For example, one man in his late sixties described his father's close acquaintance with Zhou Enlai, the Premier who served under Mao Zedong. He spoke of cell phone calls he received from the Central Committee of the Chinese Communist Party while in the ward. (These cell phone calls appeared to be the voices he heard.) He said that the calls were from high-level government, asking him to help collect information on the Korean War and the resistance against Japan (during the Second Sino-Japanese War). Another man of the same age described hearing voices of the opposite political alliance than himself, who spoke from downstairs at the hospital: “He is anti-Party and anti-socialism … I’m not anti-Party and anti-socialism … [but] they said I’m counterrevolutionary.”

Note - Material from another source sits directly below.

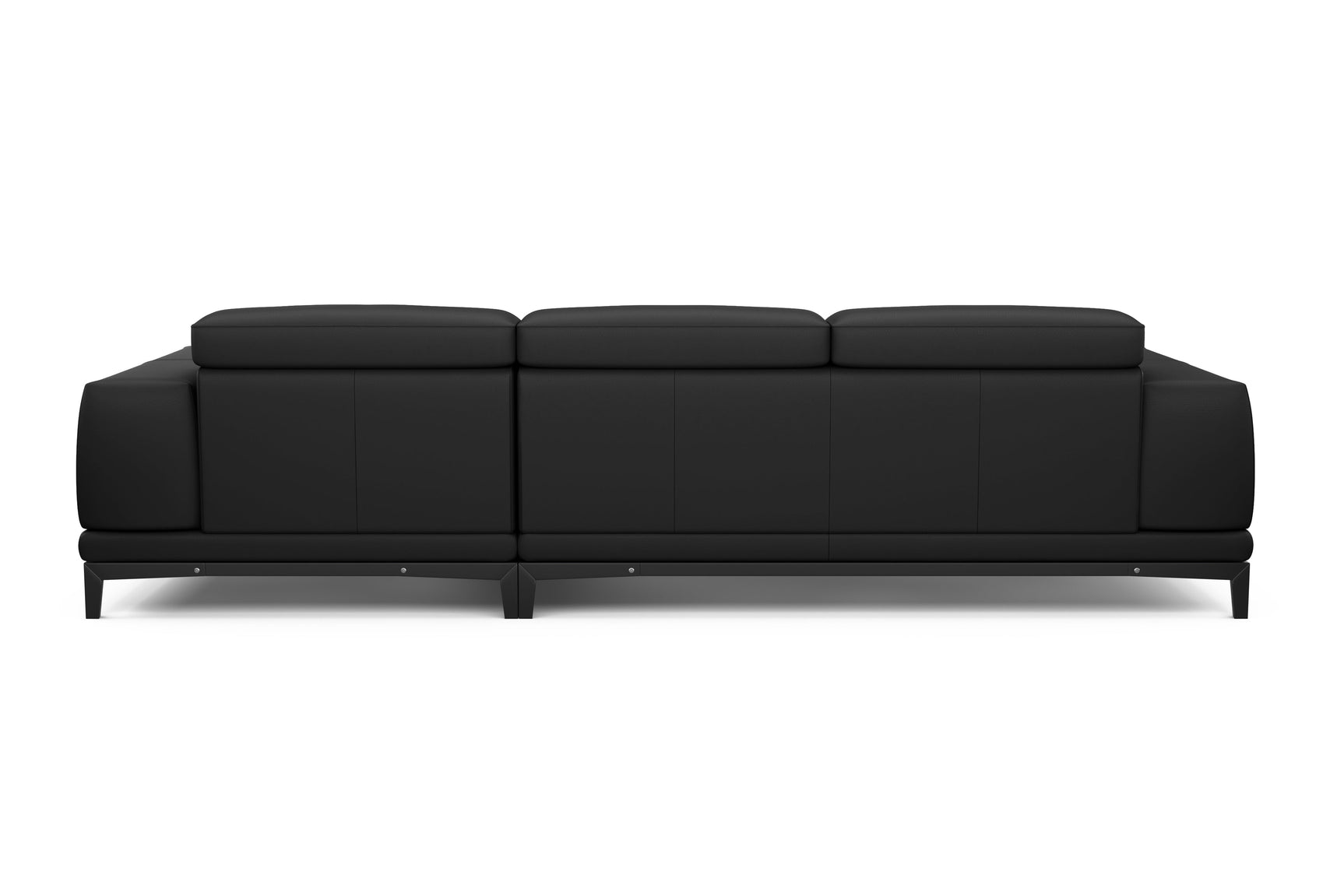 Valletta Leather Sectional Lounge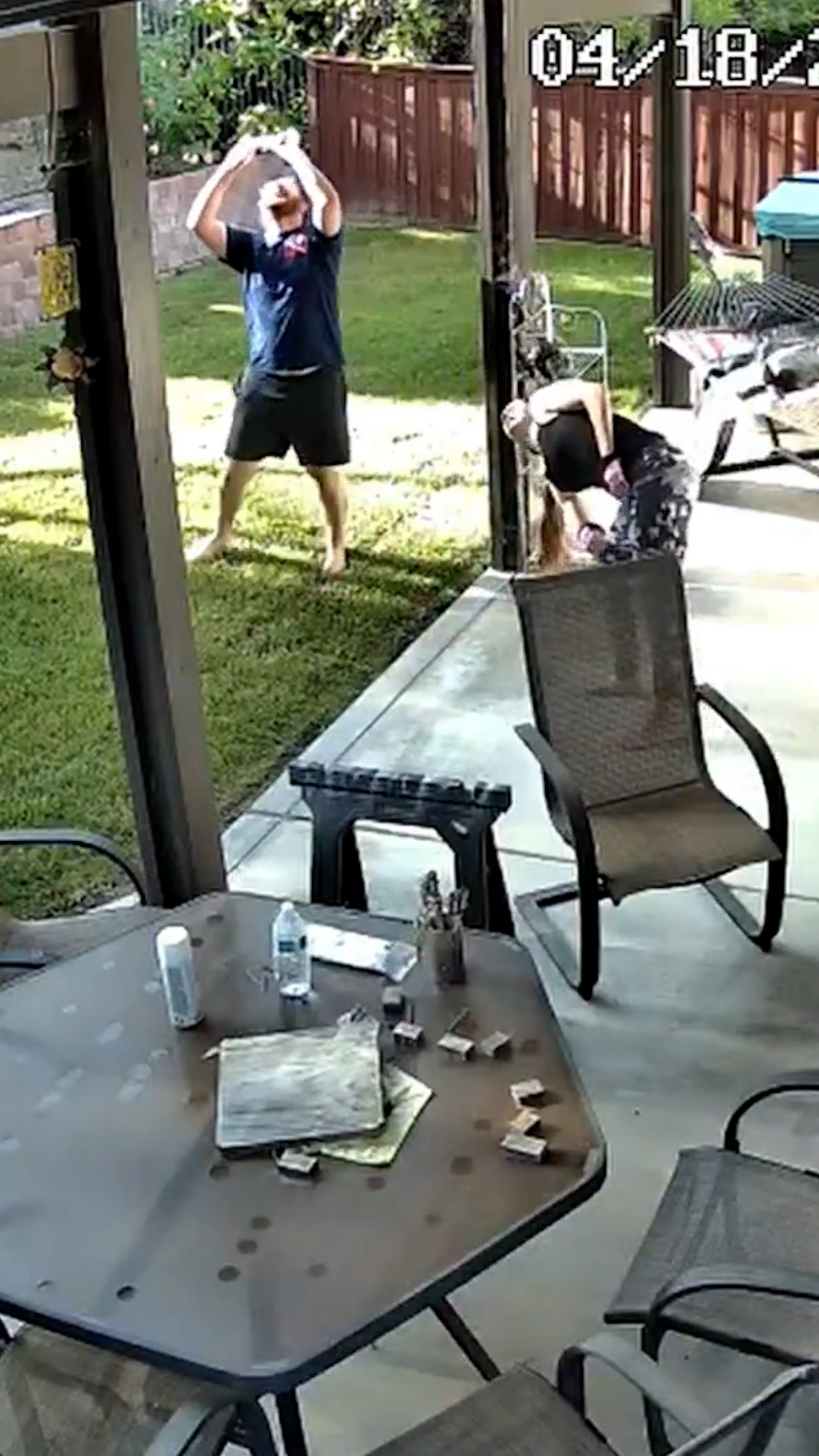 Oväntat ballongbesök: “De har landat här”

A 70-year-old man heard the voice of a former neighbor, who he at times felt controlled him remotely, and who worked for Chiang Kai-shek, leader of the Chinese Nationalist Party and political opponent of Mao: “She is a spy. She has slept with Chiang Kai-shek, and has slept with the Minister of Defense.” He, by contrast, worked with Mao: “I used to be Chairman Mao's advisor, when I was 13 years old.” Even though she was clearly a questionable character for him, he seemed to feel he could change her mind: “[I] did some thought work [on the spy neighbor,] hoping she would change, telling her not to harm people … She said harming people is not good.” Thought work was a political term of ideological reform, used commonly by the Communist Party during the Maoist era and beyond. The man said he convinced her that harming people was bad, and that his former neighbor indeed changed a lot after his intervention.
Many of these voices came from the Maoist era, including the Cultural Revolution. More than half of those who heard political voices were men in or around their sixties, who were first hospitalized during or soon after the Cultural Revolution: the Cultural Revolution lasted from 1966–1976; their first hospitalizations ranged from 1968 to 1979. They would have been youths during the Cultural Revolution—a time when politics infused every aspect of life, and youths in particular were recruited by the millions to participate in mass politics. These men carried the Maoist world with them through their voices. The voices of the only male participant in the same age cohort who fell ill later, in 1994, combined Maoist politics with politics across other times and spaces: China, the United States, Great Britain, and Japan, ranging from contemporary presidents to historical Chinese politicians from the second century CE: “Obama … Reagan, Sun Yat-sen, Chiang Kai-shek, Mao Zedong, all of them are there, it's a mess … Zhuge Liang, Empress Dowager Cixi, they have all spoken [to me].” He described the voices as chaotic and strange, but not all negative. And unlike the clearer political alliances in the cases above, here, the message felt murkier: “It's a mess, I don’t know either. They talk a bit about politics, the strange and monstrous, the earth exploding … [about] war, that the whole world is going to go to war.”
Aside from these men who came of age during the Cultural Revolution era, the second most common group who heard political voices were women in their thirties. These women would have grown up after the Maoist era ended. Their voices tended to combine political and religious themes.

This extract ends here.